Obaa Yaa
Husband impregnates house help
Dear ObaaYaa,
I was a house-help close to 10 years with my madam and her husband. I was responsible for raising their three children from their infancy till they entered the Junior High School.
My madam and her husband were pleased with my services and, therefore, entrusted more responsibilities into my care.
Initially, my madam invited the younger sister to take care of her children whenever she made her foreign trips. I accorded the sister the same measure of respect and assistance on those occasions.
After some time, her younger sister also got married and, therefore, could not provide support to her sister.
As the foreign trips continued, the mantle finally fell on me to take charge of the house.
Though my master has been making advances at me, l managed to turn down his requests.
One day, when my madam was away and the children were asleep, my master asked me to serve him with a bottle of beer and also take the only bottle of coke in the fridge.
l felt dizzy ten minutes after drinking the coke and by the time l woke up,my master was beside me in my bed.
Having discovered this, lwas terrified and suddenly jumped out ofthe bed, but he managed to get hold of me and one can imagine the conclusion.

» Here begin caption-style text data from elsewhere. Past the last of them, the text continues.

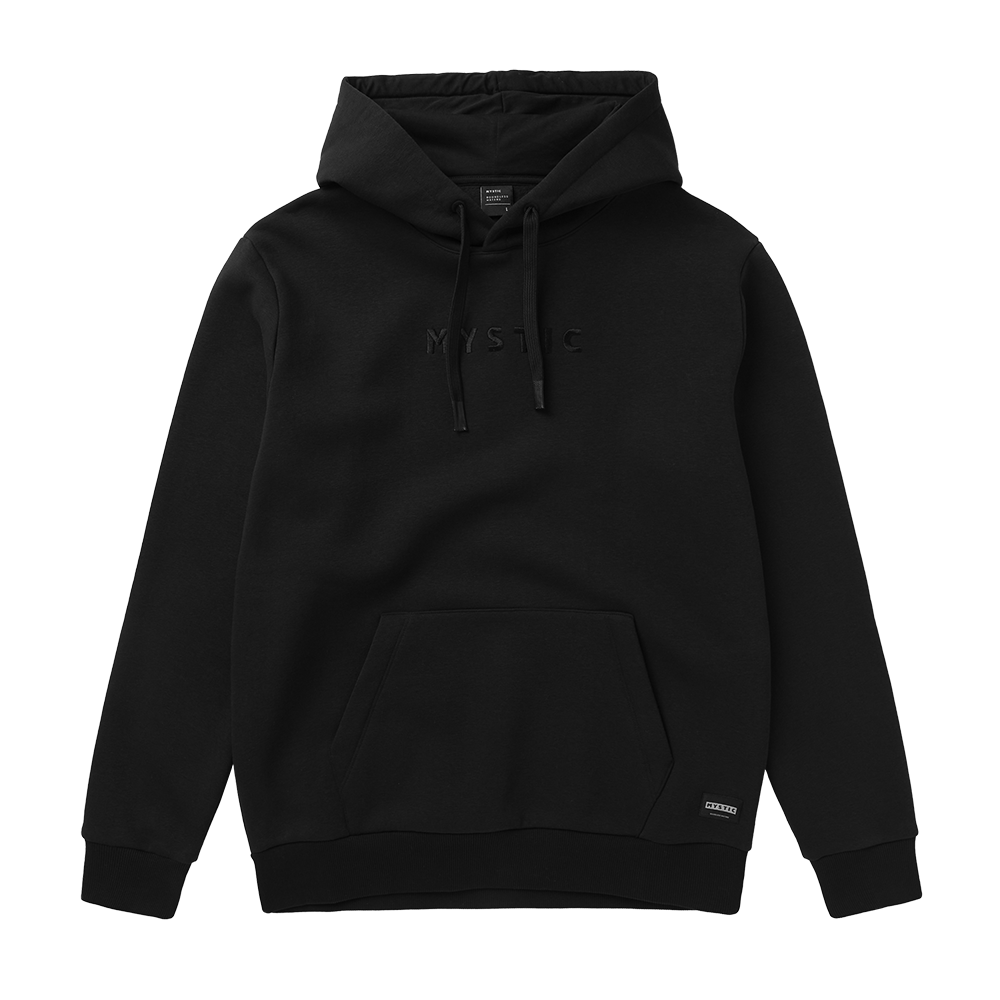 Brand Hood Sweat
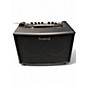 Used Roland AC33 30W Stereo Acoustic Guitar Combo Amp thumbnail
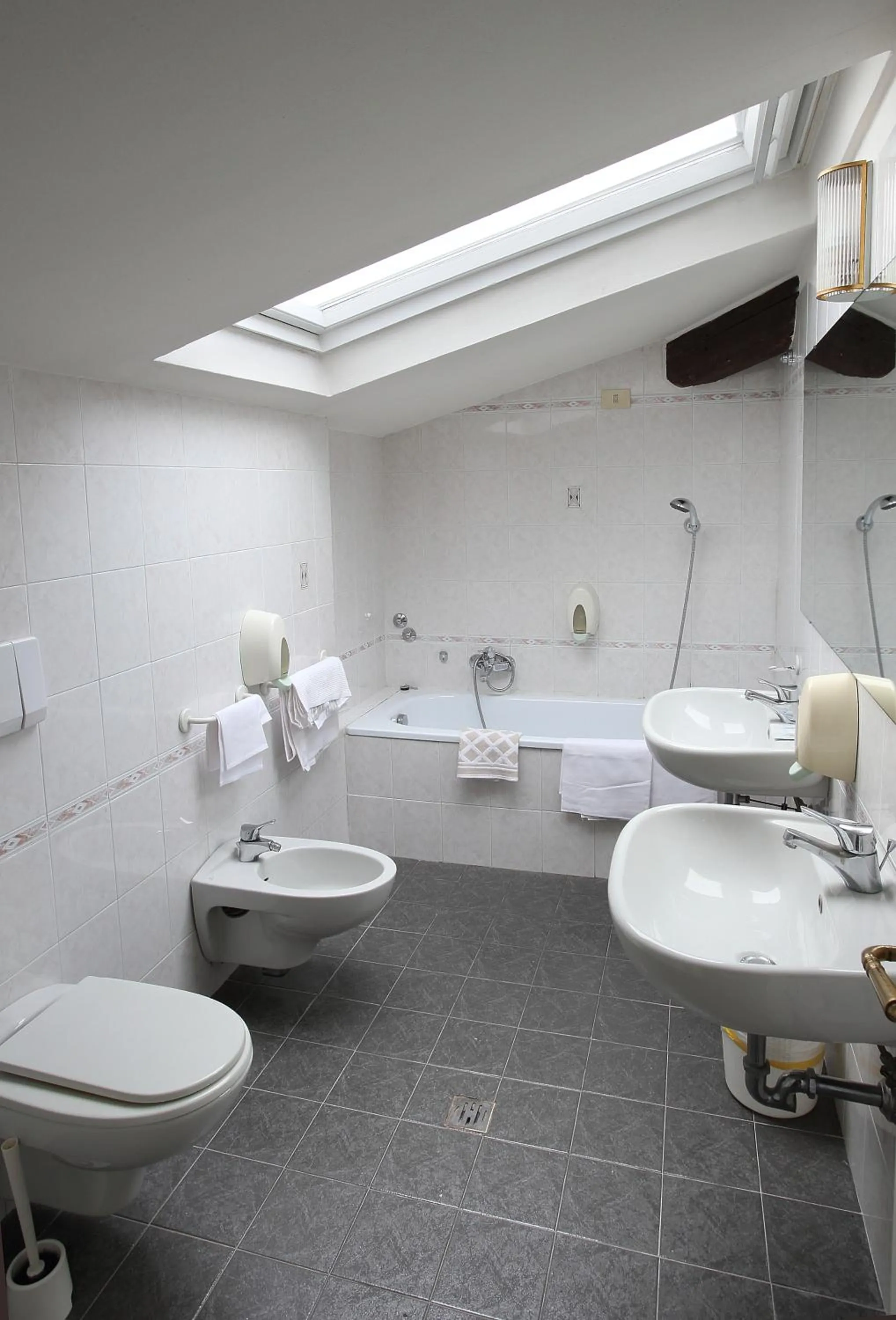 Hotel Internazionale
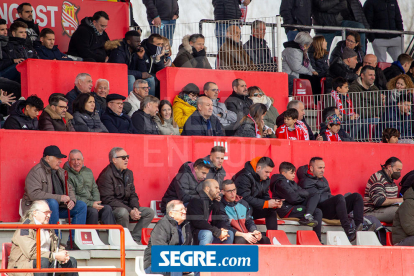 Imatges CE Manresa - Lleida Esportiu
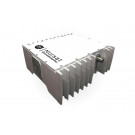 Norsat BUC-ELMTKU006-EF Ku-Band 6W BUC Block Up Converter BUC F Type Connector Input Element Series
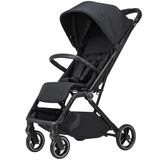Прогулянкова коляска Osann Boogy 2 Coal (120-303-316) - Pampik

After this first encounter, he made it a routine to make love to me. He gave me a lot of money in a way to compensate meand warned me not to tell anybody about it.

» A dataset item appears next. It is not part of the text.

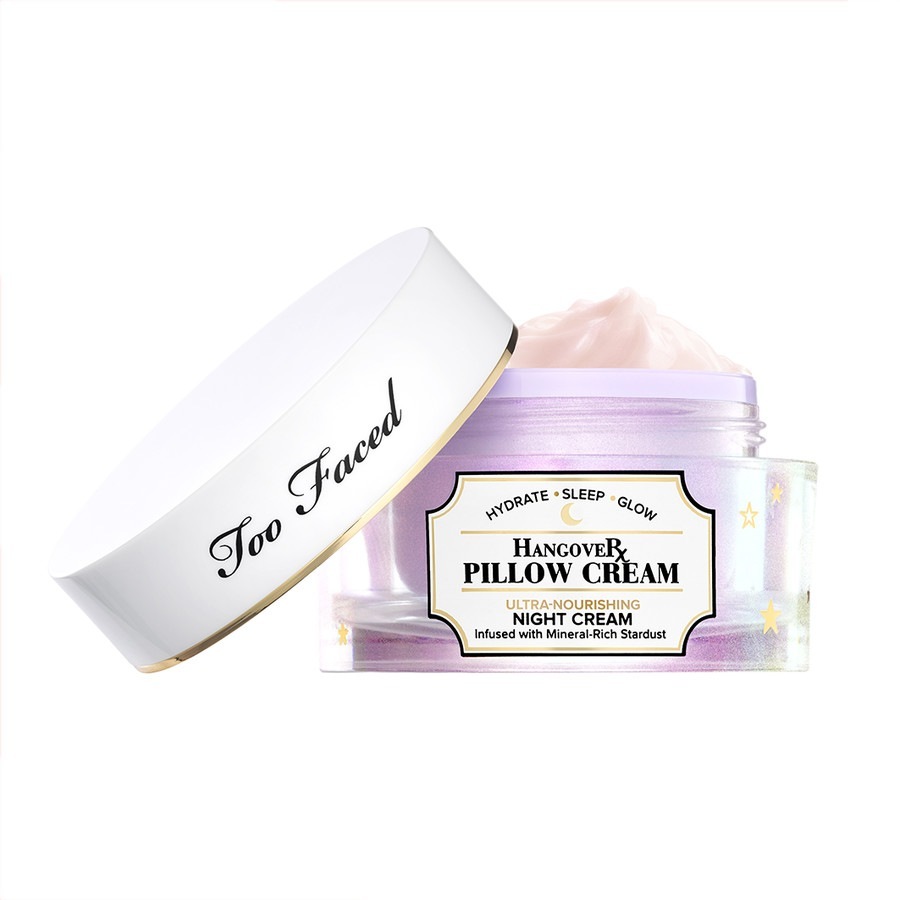 PILLOW CREAM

l am pregnant and he is forcing me to abort the pregnancy because my madam will not take kindly to it when she discovers it.
What should l do?
Memouna , Accra.
Dear Memouna,
Since two wrongs do not make a right, I will advise you to keep the pregnancy because the harm hasalready been done so you must prepare your mind to give birth.

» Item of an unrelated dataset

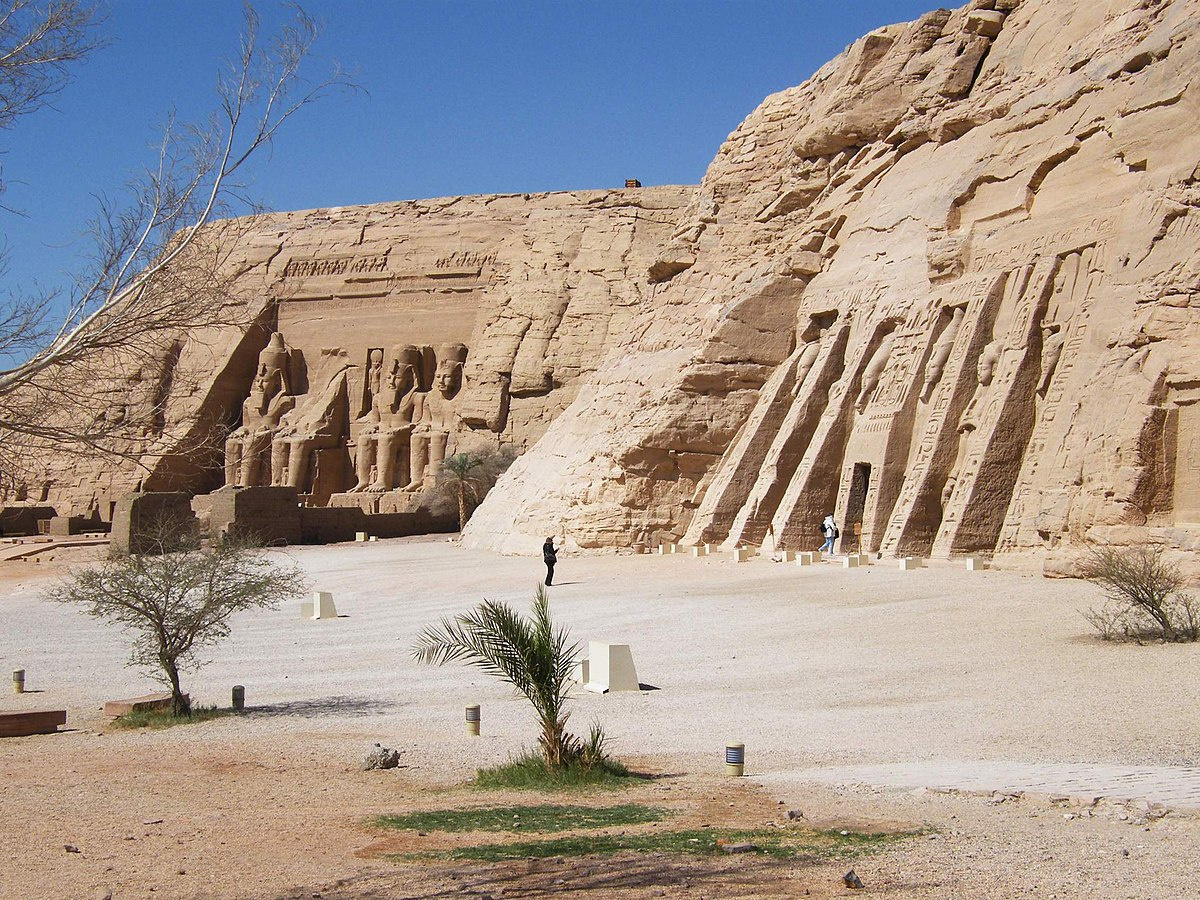 رحلة نيلية لمدة 5 أيام بين الأقصر وأسوان من القاهرة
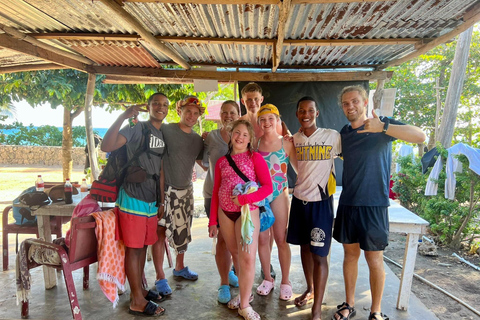 Private: Rural & Urban Dominican Life Tour: Flavors, Fields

Your continued stay in the house will expose you so it will be better for you to leave the house as early as possible. In this case your master should support you with money to settle in a different house in order to protect his marriage.
Make sure the relationships ends here after you have been delivered of your child otherwise the embarrassment will be too much.
Obaa Yaa
He introduced me wrongly
Dear Obaa Yaa,
I visited my boyfriend at his office only to meet him and a young lady having a serious chat.
He politely introduced the lady to me as his workmate and also introduced me as a friend without telling the lady that I am his lover.
When he came home and I went over to spend the night, he seemed not to find any fault with what he did.
He was rather giving attitude and pretending as if I don’t even exist in his life.
I then told him I was not happy that he did not give me the proper acknowledgment as his lover.
Do you think he has something up his sleeve and did not want the lady he called workmate to know that we are lovers?
Greetings,
Araba, Mamobi.
Dear Araba,
FOR very good reasons, certain individuals would not want to publicise their love affairs. They believe love is a private matter and not for public consumption, and would prefer to run their relationships quietly.
Others also think that once they are not married and have not found the right person, there is no need introducing anyone until they are fully committed and envision a lifetime relationship.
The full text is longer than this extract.